**WORK ITEM**
Beginning with the line that contains "拍照识花识别植物app官方版图2", repeat each line exactly through the end of the listing below. Pictures stay out.

################

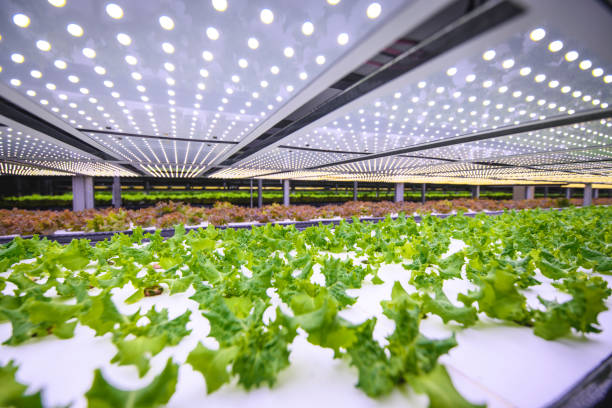 Hydroponic Cultivation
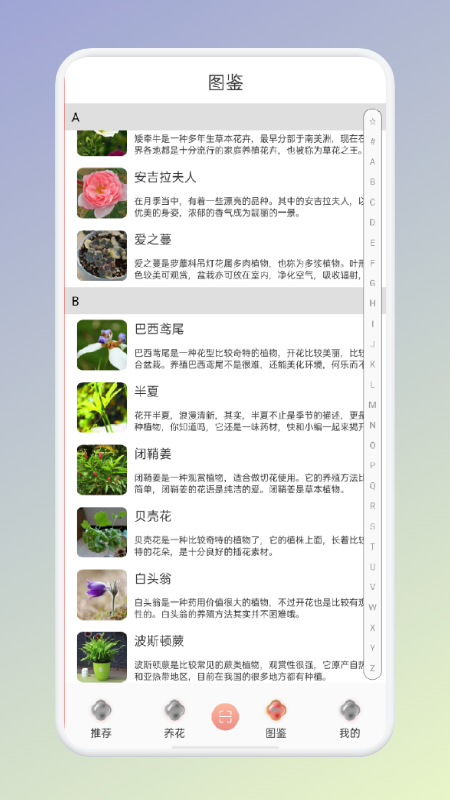 拍照识花识别植物app官方版图2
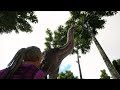 Ark Additions | Brachiosaurus! | An ARK: Survival Evolved mod trailer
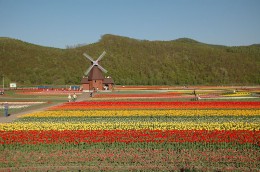 800px-Tulip_field_Kamiyubetsu_Hokkaido_japan.jpg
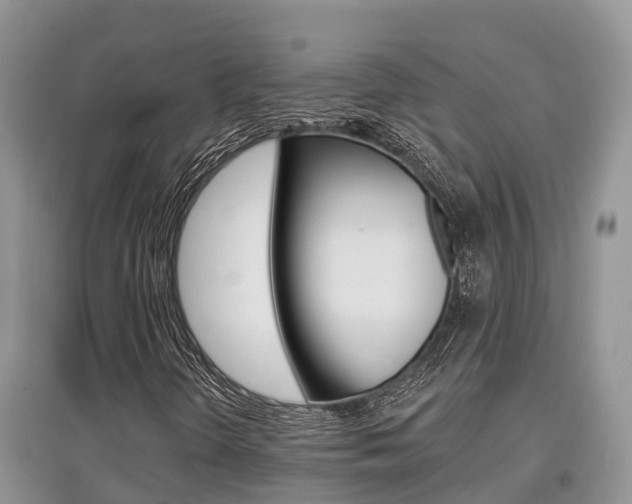 X0000097911298200803141020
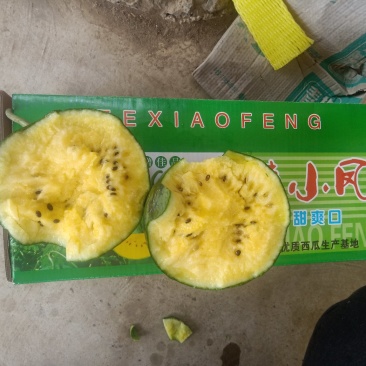 沭阳县特小凤西瓜大量上市嚷口好熟度好坏果包赔视频看货实地看货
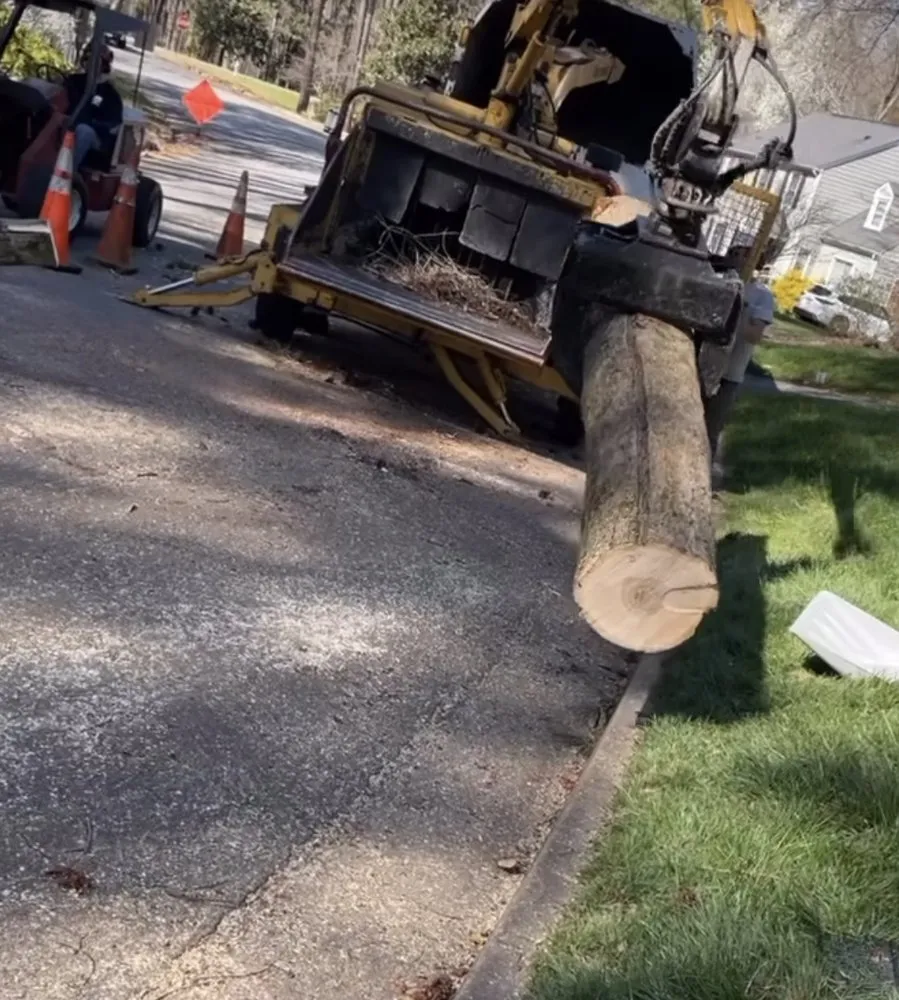 Affordable garden landscaping in Midlothian, VA by Ace’s One Stop Shop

################

**OUTPUT OF THE TASK**
 拍照识花识别植物app官方版图2
 Ark Additions | Brachiosaurus! | An ARK: Survival Evolved mod trailer
 800px-Tulip_field_Kamiyubetsu_Hokkaido_japan.jpg
 X0000097911298200803141020
 沭阳县特小凤西瓜大量上市嚷口好熟度好坏果包赔视频看货实地看货
 Affordable garden landscaping in Midlothian, VA by Ace’s One Stop Shop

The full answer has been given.